Items from a data source:
━━━━━━━━━━
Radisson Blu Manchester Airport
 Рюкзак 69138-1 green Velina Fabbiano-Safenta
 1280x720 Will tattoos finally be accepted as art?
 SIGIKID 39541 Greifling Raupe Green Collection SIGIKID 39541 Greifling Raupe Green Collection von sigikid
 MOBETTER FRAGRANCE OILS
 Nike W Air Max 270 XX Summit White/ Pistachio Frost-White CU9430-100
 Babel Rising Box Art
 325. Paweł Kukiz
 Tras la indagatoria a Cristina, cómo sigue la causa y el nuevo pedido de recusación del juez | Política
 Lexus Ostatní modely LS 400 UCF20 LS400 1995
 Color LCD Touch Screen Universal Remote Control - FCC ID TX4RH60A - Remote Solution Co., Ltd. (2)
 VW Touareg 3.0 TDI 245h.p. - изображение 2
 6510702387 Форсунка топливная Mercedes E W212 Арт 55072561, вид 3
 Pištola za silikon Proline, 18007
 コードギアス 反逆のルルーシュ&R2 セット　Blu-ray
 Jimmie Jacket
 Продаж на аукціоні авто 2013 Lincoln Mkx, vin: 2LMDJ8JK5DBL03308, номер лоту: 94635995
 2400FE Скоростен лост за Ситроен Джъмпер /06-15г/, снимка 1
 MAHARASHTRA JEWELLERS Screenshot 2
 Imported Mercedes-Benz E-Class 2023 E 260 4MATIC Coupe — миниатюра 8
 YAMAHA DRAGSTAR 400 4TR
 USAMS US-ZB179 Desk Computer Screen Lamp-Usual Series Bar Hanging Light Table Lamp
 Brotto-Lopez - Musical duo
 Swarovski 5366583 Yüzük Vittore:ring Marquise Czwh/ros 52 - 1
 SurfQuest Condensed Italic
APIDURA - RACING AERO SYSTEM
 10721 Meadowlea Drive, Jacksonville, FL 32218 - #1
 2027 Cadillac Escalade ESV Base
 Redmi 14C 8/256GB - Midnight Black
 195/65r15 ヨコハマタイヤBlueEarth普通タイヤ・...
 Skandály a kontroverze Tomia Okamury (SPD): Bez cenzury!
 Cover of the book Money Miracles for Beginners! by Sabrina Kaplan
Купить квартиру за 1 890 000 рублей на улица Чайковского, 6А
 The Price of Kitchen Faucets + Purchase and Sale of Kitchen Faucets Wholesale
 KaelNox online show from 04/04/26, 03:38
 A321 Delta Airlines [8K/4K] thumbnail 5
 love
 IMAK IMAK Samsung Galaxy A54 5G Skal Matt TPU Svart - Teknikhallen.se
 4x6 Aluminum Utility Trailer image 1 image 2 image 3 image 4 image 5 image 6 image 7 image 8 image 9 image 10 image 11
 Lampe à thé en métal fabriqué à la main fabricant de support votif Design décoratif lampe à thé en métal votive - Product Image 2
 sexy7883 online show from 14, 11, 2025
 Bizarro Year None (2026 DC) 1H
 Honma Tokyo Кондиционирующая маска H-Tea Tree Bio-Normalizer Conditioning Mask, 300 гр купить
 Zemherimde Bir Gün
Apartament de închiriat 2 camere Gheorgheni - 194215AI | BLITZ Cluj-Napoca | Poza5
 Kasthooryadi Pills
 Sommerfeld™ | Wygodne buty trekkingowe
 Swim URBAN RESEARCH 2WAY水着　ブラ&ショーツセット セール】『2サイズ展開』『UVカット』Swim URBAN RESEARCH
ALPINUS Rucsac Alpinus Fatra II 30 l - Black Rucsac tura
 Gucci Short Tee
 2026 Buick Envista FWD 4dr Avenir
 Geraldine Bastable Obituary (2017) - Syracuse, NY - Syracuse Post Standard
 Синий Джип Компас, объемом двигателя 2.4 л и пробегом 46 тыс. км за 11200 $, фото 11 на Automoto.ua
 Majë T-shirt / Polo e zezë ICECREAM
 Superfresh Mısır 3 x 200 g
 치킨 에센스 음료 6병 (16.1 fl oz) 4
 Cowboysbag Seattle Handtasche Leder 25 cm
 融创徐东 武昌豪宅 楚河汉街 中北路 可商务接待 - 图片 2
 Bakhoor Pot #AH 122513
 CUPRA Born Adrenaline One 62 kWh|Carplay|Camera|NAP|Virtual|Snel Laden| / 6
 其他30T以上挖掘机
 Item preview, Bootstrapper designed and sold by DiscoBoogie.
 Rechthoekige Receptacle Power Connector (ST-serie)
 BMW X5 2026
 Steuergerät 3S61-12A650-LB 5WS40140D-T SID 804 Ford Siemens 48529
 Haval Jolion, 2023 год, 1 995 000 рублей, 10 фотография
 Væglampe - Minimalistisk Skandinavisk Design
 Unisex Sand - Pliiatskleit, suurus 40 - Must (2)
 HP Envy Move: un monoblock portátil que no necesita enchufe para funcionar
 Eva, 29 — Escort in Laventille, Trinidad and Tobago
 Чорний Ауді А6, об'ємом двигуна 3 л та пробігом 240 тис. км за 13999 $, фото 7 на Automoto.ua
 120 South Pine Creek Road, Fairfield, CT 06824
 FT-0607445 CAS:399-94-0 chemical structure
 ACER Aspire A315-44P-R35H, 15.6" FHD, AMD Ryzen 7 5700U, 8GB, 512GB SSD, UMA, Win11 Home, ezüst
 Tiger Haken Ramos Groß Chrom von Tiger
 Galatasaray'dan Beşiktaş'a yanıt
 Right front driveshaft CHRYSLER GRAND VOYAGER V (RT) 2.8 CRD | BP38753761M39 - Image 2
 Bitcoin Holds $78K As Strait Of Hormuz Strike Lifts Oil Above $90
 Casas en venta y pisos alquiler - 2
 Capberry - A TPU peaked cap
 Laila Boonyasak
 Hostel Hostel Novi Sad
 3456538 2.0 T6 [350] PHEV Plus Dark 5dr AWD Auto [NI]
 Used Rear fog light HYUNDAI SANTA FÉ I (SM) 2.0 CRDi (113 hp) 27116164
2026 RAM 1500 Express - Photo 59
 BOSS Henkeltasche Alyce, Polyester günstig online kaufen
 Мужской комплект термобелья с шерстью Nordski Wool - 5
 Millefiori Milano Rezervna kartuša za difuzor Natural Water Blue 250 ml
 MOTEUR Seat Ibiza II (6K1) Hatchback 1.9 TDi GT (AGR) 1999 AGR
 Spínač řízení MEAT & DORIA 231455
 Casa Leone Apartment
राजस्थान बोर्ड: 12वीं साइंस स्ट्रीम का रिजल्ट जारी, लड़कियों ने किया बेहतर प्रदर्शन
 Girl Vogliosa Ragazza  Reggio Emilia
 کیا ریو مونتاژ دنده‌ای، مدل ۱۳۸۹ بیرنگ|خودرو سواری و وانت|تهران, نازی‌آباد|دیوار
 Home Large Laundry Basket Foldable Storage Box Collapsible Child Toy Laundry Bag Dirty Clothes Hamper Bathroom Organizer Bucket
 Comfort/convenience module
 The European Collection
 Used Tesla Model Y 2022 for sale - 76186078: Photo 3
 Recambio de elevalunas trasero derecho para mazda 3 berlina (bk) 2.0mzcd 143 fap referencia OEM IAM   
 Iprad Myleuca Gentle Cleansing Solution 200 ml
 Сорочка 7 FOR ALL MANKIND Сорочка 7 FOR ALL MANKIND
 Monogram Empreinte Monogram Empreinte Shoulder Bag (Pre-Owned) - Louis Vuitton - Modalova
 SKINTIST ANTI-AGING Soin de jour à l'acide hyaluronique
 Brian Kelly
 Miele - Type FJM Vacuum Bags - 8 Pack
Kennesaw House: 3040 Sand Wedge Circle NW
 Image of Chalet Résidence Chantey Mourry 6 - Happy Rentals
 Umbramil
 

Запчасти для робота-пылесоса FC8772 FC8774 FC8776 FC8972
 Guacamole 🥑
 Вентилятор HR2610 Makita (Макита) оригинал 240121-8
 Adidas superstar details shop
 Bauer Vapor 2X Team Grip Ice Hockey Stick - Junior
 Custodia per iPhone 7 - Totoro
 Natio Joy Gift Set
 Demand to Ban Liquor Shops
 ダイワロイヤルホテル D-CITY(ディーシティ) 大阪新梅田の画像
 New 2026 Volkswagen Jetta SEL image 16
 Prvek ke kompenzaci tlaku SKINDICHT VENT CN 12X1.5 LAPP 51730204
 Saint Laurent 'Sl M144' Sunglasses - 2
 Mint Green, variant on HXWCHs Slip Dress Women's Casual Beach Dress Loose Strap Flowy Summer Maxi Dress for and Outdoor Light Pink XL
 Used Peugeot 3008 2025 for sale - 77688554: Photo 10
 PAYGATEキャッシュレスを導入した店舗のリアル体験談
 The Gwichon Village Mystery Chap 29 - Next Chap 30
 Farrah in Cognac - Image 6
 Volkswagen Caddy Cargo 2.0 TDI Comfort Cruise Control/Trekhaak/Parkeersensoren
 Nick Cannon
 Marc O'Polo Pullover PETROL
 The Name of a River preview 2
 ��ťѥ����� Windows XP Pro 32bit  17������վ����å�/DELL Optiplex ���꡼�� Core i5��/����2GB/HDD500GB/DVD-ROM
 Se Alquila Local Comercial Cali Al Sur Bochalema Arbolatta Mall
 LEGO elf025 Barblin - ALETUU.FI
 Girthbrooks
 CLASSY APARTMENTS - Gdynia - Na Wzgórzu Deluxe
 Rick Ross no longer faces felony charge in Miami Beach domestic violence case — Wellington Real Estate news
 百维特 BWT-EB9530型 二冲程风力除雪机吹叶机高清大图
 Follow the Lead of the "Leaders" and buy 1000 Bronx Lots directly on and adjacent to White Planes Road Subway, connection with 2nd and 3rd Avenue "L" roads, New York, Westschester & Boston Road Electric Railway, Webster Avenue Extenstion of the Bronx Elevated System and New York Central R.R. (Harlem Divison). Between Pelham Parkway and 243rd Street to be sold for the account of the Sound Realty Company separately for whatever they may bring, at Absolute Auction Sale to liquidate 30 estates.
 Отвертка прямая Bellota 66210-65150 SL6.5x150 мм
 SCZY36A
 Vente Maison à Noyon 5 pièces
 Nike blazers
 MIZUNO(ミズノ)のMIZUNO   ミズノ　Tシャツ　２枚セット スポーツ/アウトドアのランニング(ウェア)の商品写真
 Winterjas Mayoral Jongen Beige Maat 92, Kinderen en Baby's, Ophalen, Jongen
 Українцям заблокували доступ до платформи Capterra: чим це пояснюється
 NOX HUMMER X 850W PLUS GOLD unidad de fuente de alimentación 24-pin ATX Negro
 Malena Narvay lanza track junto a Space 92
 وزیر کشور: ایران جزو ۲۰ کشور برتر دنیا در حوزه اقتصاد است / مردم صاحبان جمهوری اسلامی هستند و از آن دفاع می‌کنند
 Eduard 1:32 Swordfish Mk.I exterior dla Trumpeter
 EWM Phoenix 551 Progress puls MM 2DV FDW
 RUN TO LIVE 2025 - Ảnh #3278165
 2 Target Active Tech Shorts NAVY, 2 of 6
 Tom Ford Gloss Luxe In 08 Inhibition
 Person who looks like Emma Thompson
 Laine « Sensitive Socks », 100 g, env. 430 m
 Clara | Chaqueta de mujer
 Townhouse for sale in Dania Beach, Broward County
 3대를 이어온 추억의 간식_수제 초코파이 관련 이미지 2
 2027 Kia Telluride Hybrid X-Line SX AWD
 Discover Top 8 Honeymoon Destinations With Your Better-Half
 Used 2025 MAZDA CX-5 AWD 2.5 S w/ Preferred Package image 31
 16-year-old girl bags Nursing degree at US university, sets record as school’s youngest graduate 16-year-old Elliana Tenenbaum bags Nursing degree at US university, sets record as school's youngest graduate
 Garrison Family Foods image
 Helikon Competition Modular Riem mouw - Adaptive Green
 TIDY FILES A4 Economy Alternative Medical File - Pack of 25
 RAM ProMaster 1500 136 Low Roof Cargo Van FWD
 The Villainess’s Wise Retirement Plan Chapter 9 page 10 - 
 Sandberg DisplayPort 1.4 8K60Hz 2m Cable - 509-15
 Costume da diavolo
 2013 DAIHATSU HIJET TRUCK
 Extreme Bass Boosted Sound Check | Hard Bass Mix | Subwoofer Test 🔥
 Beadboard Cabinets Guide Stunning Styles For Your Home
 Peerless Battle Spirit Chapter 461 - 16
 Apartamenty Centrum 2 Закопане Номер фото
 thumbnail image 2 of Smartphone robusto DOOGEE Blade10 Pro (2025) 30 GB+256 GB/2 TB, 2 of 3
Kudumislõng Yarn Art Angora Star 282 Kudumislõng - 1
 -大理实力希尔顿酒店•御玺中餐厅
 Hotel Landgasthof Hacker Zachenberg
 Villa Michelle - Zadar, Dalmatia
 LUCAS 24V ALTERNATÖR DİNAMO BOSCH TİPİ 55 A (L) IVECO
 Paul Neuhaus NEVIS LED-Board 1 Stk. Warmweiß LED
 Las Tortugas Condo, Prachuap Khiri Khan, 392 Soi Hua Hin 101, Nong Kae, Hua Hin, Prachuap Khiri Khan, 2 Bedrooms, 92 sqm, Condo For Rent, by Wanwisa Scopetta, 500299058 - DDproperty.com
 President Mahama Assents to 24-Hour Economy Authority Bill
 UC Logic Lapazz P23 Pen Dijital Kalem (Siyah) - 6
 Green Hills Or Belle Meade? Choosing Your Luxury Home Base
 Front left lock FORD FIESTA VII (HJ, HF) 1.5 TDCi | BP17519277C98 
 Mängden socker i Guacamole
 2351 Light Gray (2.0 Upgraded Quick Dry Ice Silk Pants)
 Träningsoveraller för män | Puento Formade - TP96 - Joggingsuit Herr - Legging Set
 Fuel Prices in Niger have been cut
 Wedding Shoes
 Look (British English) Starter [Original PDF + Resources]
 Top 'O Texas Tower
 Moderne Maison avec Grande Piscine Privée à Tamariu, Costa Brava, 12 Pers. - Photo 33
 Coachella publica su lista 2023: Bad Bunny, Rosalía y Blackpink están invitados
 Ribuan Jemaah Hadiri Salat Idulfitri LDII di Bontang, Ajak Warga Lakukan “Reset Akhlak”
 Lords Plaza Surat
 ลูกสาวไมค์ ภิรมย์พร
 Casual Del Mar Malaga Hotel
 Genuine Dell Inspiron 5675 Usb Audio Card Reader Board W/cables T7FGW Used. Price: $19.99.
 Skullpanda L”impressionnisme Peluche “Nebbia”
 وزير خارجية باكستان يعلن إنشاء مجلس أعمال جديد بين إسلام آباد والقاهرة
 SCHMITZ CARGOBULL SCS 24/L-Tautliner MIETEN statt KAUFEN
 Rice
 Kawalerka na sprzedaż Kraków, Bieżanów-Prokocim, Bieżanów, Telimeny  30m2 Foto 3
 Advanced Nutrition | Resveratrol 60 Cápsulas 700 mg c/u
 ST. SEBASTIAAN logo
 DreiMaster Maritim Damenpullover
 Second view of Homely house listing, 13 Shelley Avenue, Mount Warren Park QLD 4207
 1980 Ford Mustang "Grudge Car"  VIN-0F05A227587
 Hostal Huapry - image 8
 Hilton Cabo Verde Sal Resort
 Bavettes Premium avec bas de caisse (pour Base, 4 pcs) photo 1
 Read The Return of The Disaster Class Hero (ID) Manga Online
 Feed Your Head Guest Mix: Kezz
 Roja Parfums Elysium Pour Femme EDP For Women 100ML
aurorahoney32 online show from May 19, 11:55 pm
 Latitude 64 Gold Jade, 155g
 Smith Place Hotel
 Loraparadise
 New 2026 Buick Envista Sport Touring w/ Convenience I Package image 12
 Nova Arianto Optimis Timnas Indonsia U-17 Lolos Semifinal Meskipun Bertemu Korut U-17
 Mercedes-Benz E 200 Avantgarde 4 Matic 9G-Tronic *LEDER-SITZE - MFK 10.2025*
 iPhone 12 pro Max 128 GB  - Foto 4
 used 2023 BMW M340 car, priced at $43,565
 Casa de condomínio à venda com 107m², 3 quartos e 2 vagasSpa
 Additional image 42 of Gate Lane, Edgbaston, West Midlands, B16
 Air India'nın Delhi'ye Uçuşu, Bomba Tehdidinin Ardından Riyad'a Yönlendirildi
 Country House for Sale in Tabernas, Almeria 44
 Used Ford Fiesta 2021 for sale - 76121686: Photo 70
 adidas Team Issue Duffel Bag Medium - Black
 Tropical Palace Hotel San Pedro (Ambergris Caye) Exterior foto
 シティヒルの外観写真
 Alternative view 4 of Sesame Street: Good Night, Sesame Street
━━━━━━━━━━
TASK REQUIREMENTS: All that is needed is the exact run of lines above from the line containing "Babel Rising Box Art" through the line containing "4x6 Aluminum Utility", both of them included.

THE ANSWER:
 Babel Rising Box Art
 325. Paweł Kukiz
 Tras la indagatoria a Cristina, cómo sigue la causa y el nuevo pedido de recusación del juez | Política
 Lexus Ostatní modely LS 400 UCF20 LS400 1995
 Color LCD Touch Screen Universal Remote Control - FCC ID TX4RH60A - Remote Solution Co., Ltd. (2)
 VW Touareg 3.0 TDI 245h.p. - изображение 2
 6510702387 Форсунка топливная Mercedes E W212 Арт 55072561, вид 3
 Pištola za silikon Proline, 18007
 コードギアス 反逆のルルーシュ&R2 セット　Blu-ray
 Jimmie Jacket
 Продаж на аукціоні авто 2013 Lincoln Mkx, vin: 2LMDJ8JK5DBL03308, номер лоту: 94635995
 2400FE Скоростен лост за Ситроен Джъмпер /06-15г/, снимка 1
 MAHARASHTRA JEWELLERS Screenshot 2
 Imported Mercedes-Benz E-Class 2023 E 260 4MATIC Coupe — миниатюра 8
 YAMAHA DRAGSTAR 400 4TR
 USAMS US-ZB179 Desk Computer Screen Lamp-Usual Series Bar Hanging Light Table Lamp
 Brotto-Lopez - Musical duo
 Swarovski 5366583 Yüzük Vittore:ring Marquise Czwh/ros 52 - 1
 SurfQuest Condensed Italic
APIDURA - RACING AERO SYSTEM
 10721 Meadowlea Drive, Jacksonville, FL 32218 - #1
 2027 Cadillac Escalade ESV Base
 Redmi 14C 8/256GB - Midnight Black
 195/65r15 ヨコハマタイヤBlueEarth普通タイヤ・...
 Skandály a kontroverze Tomia Okamury (SPD): Bez cenzury!
 Cover of the book Money Miracles for Beginners! by Sabrina Kaplan
Купить квартиру за 1 890 000 рублей на улица Чайковского, 6А
 The Price of Kitchen Faucets + Purchase and Sale of Kitchen Faucets Wholesale
 KaelNox online show from 04/04/26, 03:38
 A321 Delta Airlines [8K/4K] thumbnail 5
 love
 IMAK IMAK Samsung Galaxy A54 5G Skal Matt TPU Svart - Teknikhallen.se
 4x6 Aluminum Utility Trailer image 1 image 2 image 3 image 4 image 5 image 6 image 7 image 8 image 9 image 10 image 11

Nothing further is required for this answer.